Edgar Nathaniel Gott (May 2, 1887 – July 17, 1947) was an early American aviation industry executive. A co-founder and first president of The Boeing Company, Gott was a senior executive of several aircraft companies, including Fokker and Consolidated Aircraft.

Early life[edit]

Gott was born in Detroit, Michigan in 1887 to Edward Alonzo Gott and Stephanie Ortman.[1] He attended Detroit University School, a predecessor of University Liggett School in Grosse Pointe Woods, Michigan.[2] He graduated with a Bachelor of Science in chemical engineering from the University of Michigan in 1909.[3] At the University of Michigan, Gott conducted research into rapid-cooling electrically heated combustion tubes.[4] After graduation, Gott worked for the Griffin Wheel Company at its Pullman and Tacoma plants, before becoming the agent of his cousin William Boeing's lumber business in 1915.[5][6]

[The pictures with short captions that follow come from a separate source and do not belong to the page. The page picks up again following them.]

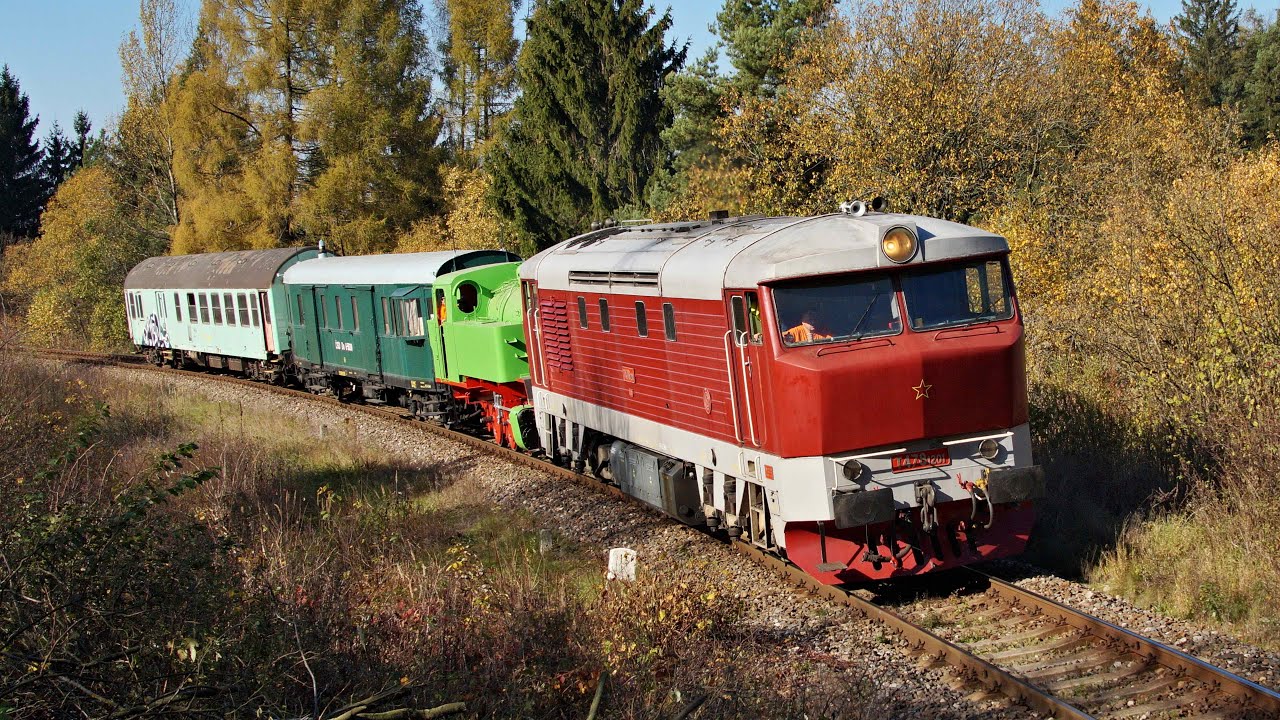Vlaky Slovensko - Preprava parného rušňa CS 400 do Vrútok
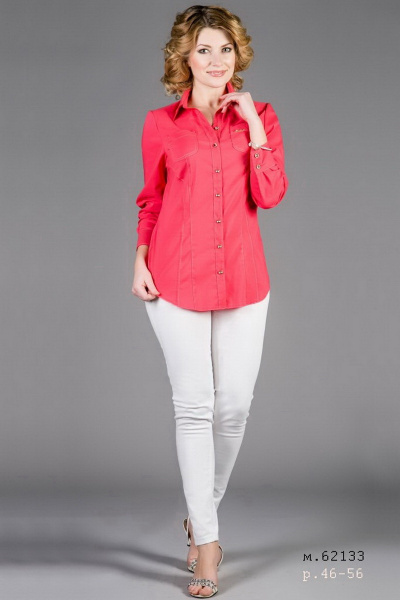 Блуза Таир-Гранд 62133 коралл - фото 1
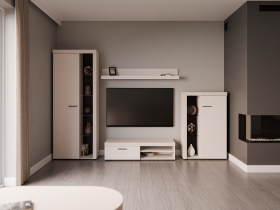 Stolarz Lempert - Wohnzimmer Rumba – sandbeige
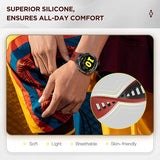 MoKo Watch Strap Compatible with Huawei Watch GT3 46mm/GT2/GT2 Pro/GT 2e/Samsung Galaxy Watch 46mm/Gear S3, 22mm Soft Silicone Replacement Sport Band Wristband, Red/Black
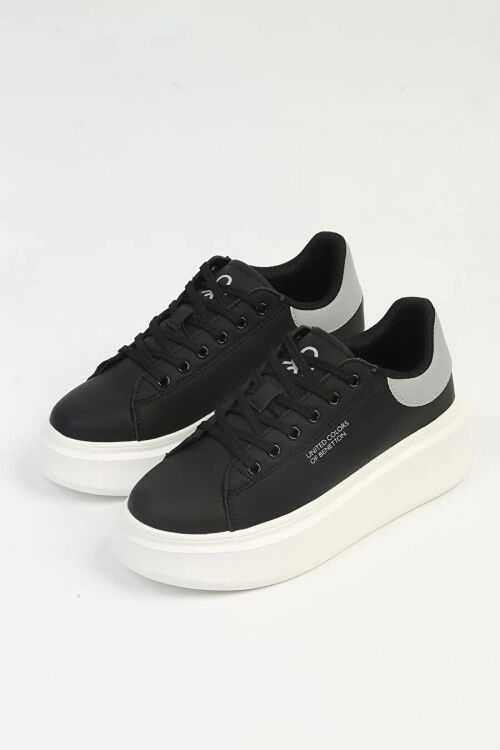 Black and White Womens Sneakers BNI-10232 Z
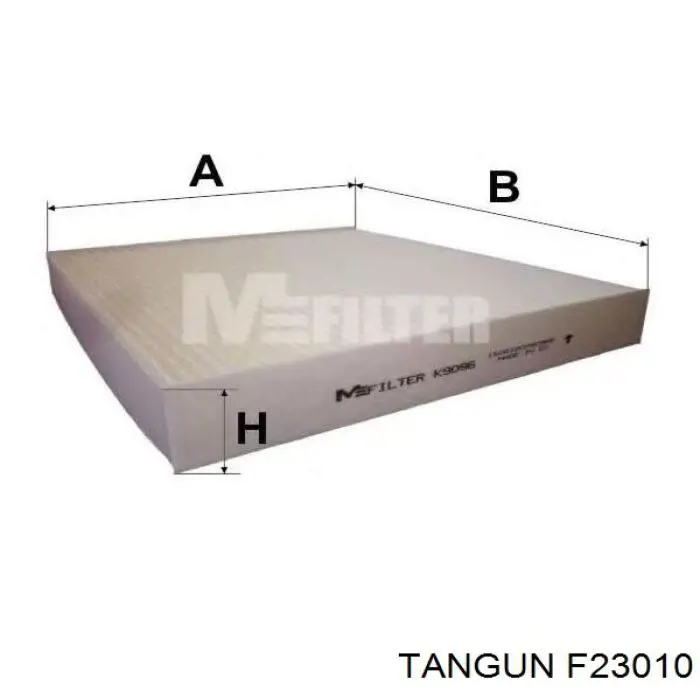 F23010 Tangun Внутрішньосалонний фільтр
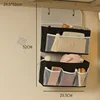 Multifunctional Dormitory Storage Bag Wardrobe Storage Bag For Store Sundries Fabric Storage Hanging Bag Behind Door-AC82 4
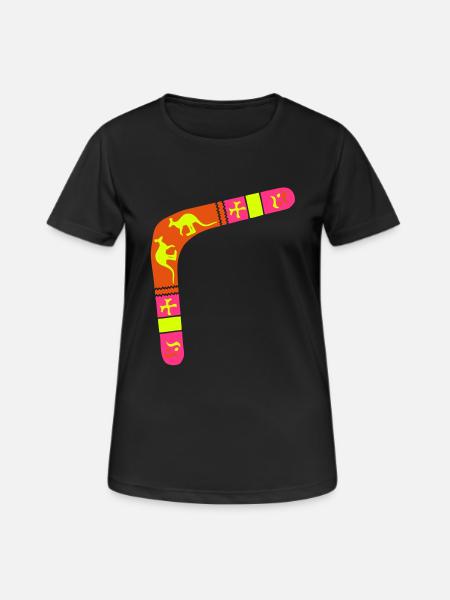 boomerang kangourou bumerang1 - T-shirt respirant Femme - noir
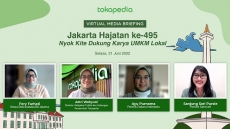 Sambut HUT DKI Jakarta, Tokopedia & Dekranasda DKI dukung UMKM lokal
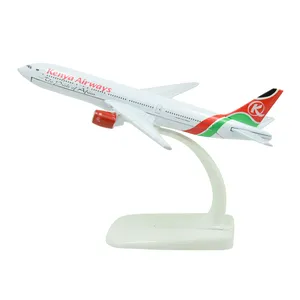 1:400 16 centimetri Kenya Airways Boeing B777 Metallo Passeggeri Aereo Modello di Aerei Civili Modalità Die Cast Modello di Aereo di Personalizzazione OEM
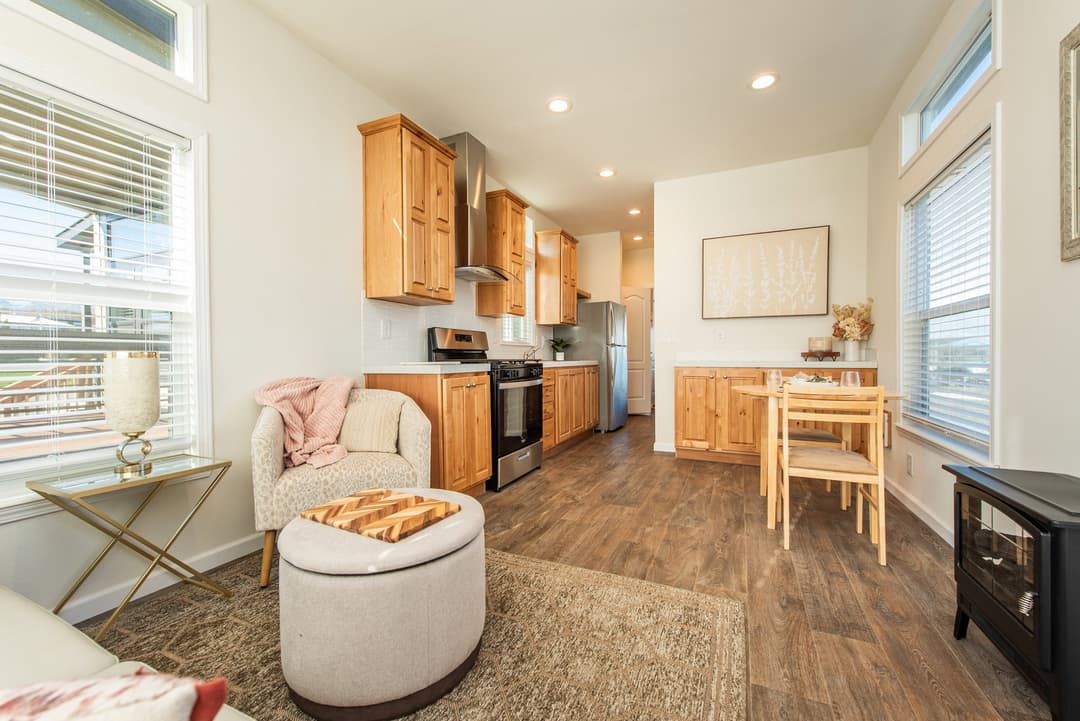 The northwestern interior home features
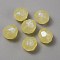Translucent Acrylic Beads, Faceted, Round, Orchid, 10x10mm, Hole: 1.6mm, about 950pcs/bag.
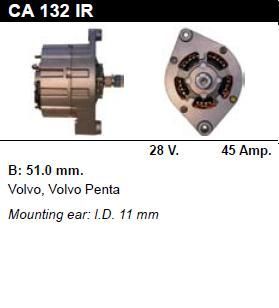 Генератор - VOLVO - VARIOUS MODELS - ENGINE 5.5 - CA132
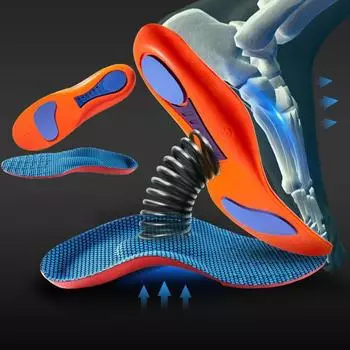 1 пара чистых спортивных стелек EVA Creative Shoes Sole Shock Удобные ортопедические дышащие подушечки для ног Впитывающие дезодоранты 35-36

Aviation industry career[edit]

In 1917 he was named vice president of Pacific Aero Products Company of Seattle, which became the Boeing Airplane Company a year later. While a manager at Boeing, Gott used his stature to argue against delivering money or other aid to Germans and Austrians after the end of World War I. In correspondence with a fellow Seattleite, Charles Osner, who was chairman of the Committee for the Relief of Destitute Women and Children in Germany and Austria, Gott argued that relief should first go to citizens of countries that had suffered at the hands of the Central Powers.[7]

Gott was president of Boeing between 1922 and 1925 at a critical juncture in the company's history, leading it out of difficult circumstances in the wake of World War I. Under Gott's leadership, the company obtained several business contracts with the military.[8] Boeing soon became a major producer of military biplanes, including the Boeing NB training aircraft and the PW-9 fighter, and established itself as an important designer and manufacturer of a broad range of military aircraft.[6][9][10]

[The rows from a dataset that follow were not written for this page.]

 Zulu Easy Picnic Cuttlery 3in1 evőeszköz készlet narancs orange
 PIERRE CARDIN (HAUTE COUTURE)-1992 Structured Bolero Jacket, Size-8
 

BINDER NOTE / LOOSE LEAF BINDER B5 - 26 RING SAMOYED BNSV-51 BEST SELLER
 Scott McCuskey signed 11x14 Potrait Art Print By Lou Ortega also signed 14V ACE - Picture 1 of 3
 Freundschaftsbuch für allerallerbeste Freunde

Gott left Boeing in 1925 to become vice president of Fokker Aircraft Corporation of America.[6] The following year he became president of Keystone Aircraft, based in Bristol, Pennsylvania.[6] At Keystone, Gott oversaw the merger of Keystone with Loening Aeronautical Engineering.[11] Keystone under Gott introduced several aircraft for civilian use, including the Petrel and the Puffer, used as a cropduster.[12] At this time, Gott was a member of the Aeronautics Commission of the Bureau of Aeronautics, charged with developing regulations pertaining to safety and licensing of planes and airports.[12]

Gott later served as president of Consolidated Aircraft Corporation in San Diego, California, continuing his lengthy professional relationship with the military aviation industry.[6] At Consolidated, Gott was responsible for the company's contract to design and build the B-24 Liberator bomber.[13] During World War II, Gott was chairman of the war transportation and war housing commissions in San Diego.[14] He also testified before Congress on several issues relating to the war effort. He died in San Diego in 1947.


  1. ^ Stites, M. Susan and Lea Ann Sterling, Historic Cottages of Mackinac Island. 2001. p.127.
  2. ^ D.U.S. Miscellany. 1905. p.19
  3. ^ Calendar of the University of Michigan, University of Michigan. 1910. p.381.
  4. ^ Campbell, Edward DeMille and Edgar Nathaniel Gott, "Note on a Rapid Cooling Electrically Heated Combustion Tube," Journal of Industrial and Engineering Chemistry. Vol. 1, Oct. 1909. pp.739-741.
  5. ^ University Bulletin, Vol. XVI, No. 35 University of Michigan. April, 1915. p.345.
  6. ^ a b c d e The Story of the Boeing Company, p.16.
  7. ^ Kuhlman, Erika A., Of Little Comfort. 2012. pp.120-121.
  8. ^ Hitt, Michael A., R. Duane Ireland, and Robert E. Hoskisson, Strategic Management. 2009. p.49.
  9. ^ "The Boeing Airplane Co. ... Growing Pains" Archived 2013-04-14 at the Wayback Machine. Boeing company website. Retrieved 4-18-13.
  10. ^ Bull, Stephen. "Boeing," Encyclopedia of Military Technology and Innovation. 2004. p.42.
  11. ^ Graff, Cory. F6F Hellcat at War. 2008. p.10
  12. ^ a b Trimble, William F., High Frontier. p.135.
  13. ^ Boone, Andrew R., "The Liberator", Popular Science. May 1943. p.90.
  14. ^ "Edgar N. Gott". Boeing company website. Retrieved 4-18-13.